One approach, if the mineral composition of a rock is known, is to use one of several theoretical models to calculate the thermal parameters of the rock. Experiments conducted on porous rocks filled with air or water have shown a clear correlation between thermal conductivity and quartz abundancy in the matrix. However, none of the existing literature provides reservoir rock parameters.


Another approach involves modelling thermal conduction around pores and through pore fluids to create parallel and serial systems that return appreciable results in terms of predictability when samples are saturated with only a single fluid, such as water, gas, or oil. Regarding this, a relationship between thermal conductivity (K) and solidity (Y), a porosity complement parameter (γ=1−φ), was observed by several researchers. For example, modern experiments found a linear relationship between thermal conductivity and the square of the solidity: γ=f(γ2). More recently, other researchers have focused on analyzing properties of saturated rocks, but these lack a systematic approach.
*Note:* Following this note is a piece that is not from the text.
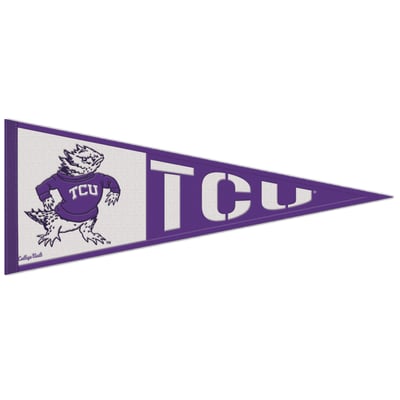 TCU Horned Frogs WinCraft 13" x 32" Retro Logo Pennant
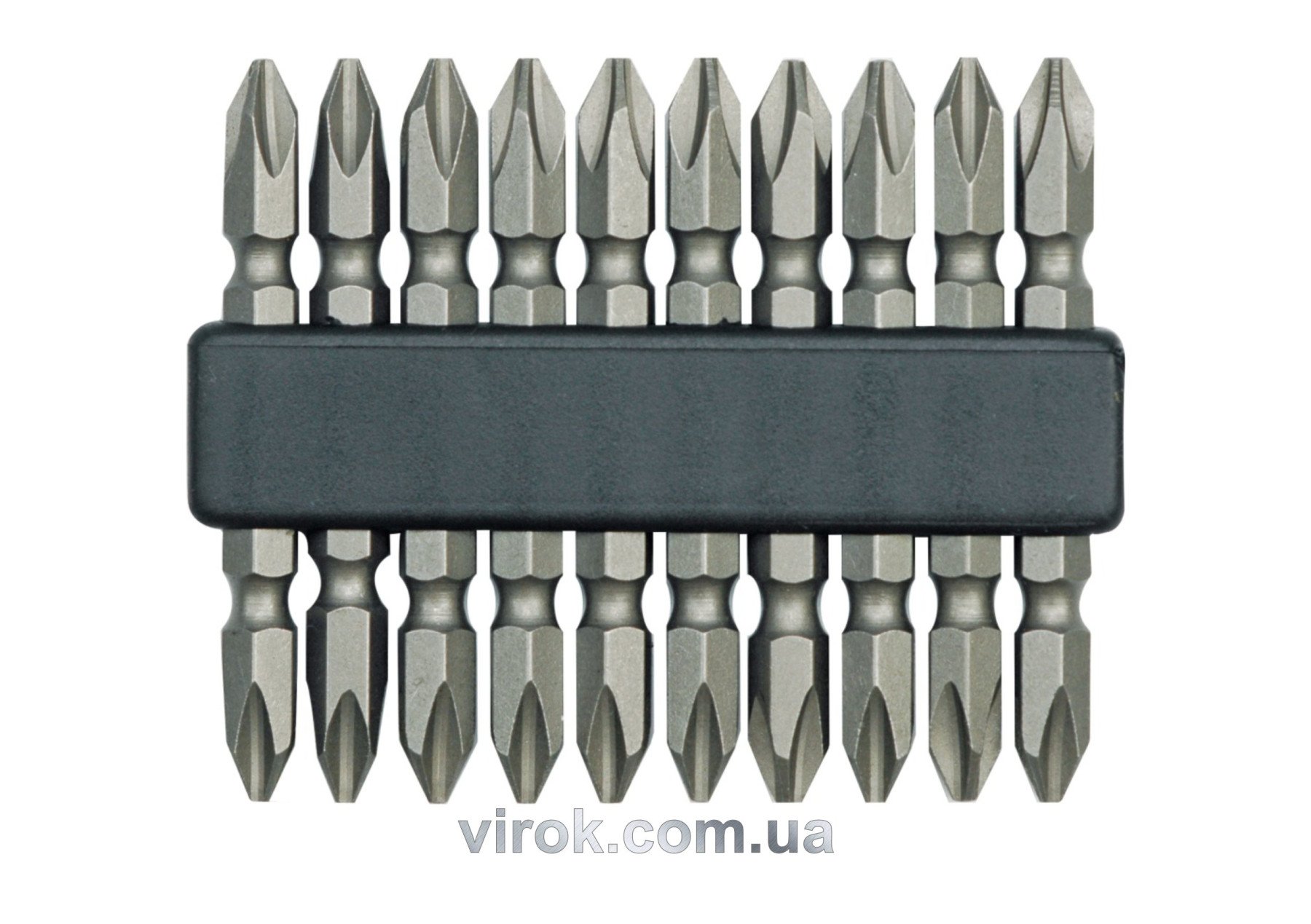 VOREL Насадка викруткова двостороння : PH2 x 60 мм, Cr-V. 10 (Шт/Уп.)  | 65700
There is a need, therefore, for improved processes for characterizing reservoir formation parameters, notably water salinity and water saturation, using thermal characteristics, and directing downhole operations based on the characterized reservoir formation.


SUMMARY

Processes for characterizing reservoir formation parameters such as water salinity and water saturation are provided. In some embodiments, the process can include directing a heat impulse into a formation sample that can include a matrix component and a fluid component at an input location. The process can also include allowing the heat impulse to pass through the formation sample such that a matrix impulse forms through the matrix component and a fluid impulse forms through the fluid component. The matrix and fluid impulses can convolve at a measurement location to provide a convolved impulse. The process can also include performing derivative analysis of the convolved impulse to derive thermal transient measurements. The process can also include developing a fluid thermal model using the thermal transient measurements. The process can also include integrating the fluid thermal model with one or more downhole logs and/or input parameters to create an integrated model. The process can also include determining one or more reservoir parameters from the integrated model. The process can also include directing one or more field operations based on the determined one or more reservoir parameters.


In other embodiments, the process can include directing a heat impulse into a formation sample that can include a matrix component and a fluid component at an input location. The process can also include allowing the heat impulse to pass through the formation sample such that an oil impulse forms through an oil component and a water impulse forms through a water component. The oil and water impulses can convolve at a measurement location to provide a convolved impulse. The process can also include performing derivative analysis of the convolved impulse to derive thermal transient measurements. The process can also include developing a fluid thermal model using the thermal transient measurements. The process can include integrating the fluid thermal model with one or more downhole logs and/or input parameters to create an integrated model. The process can also include determining one or more reservoir parameters from the integrated model. The process can also include directing one or more field operations based on the determined one or more reservoir parameters.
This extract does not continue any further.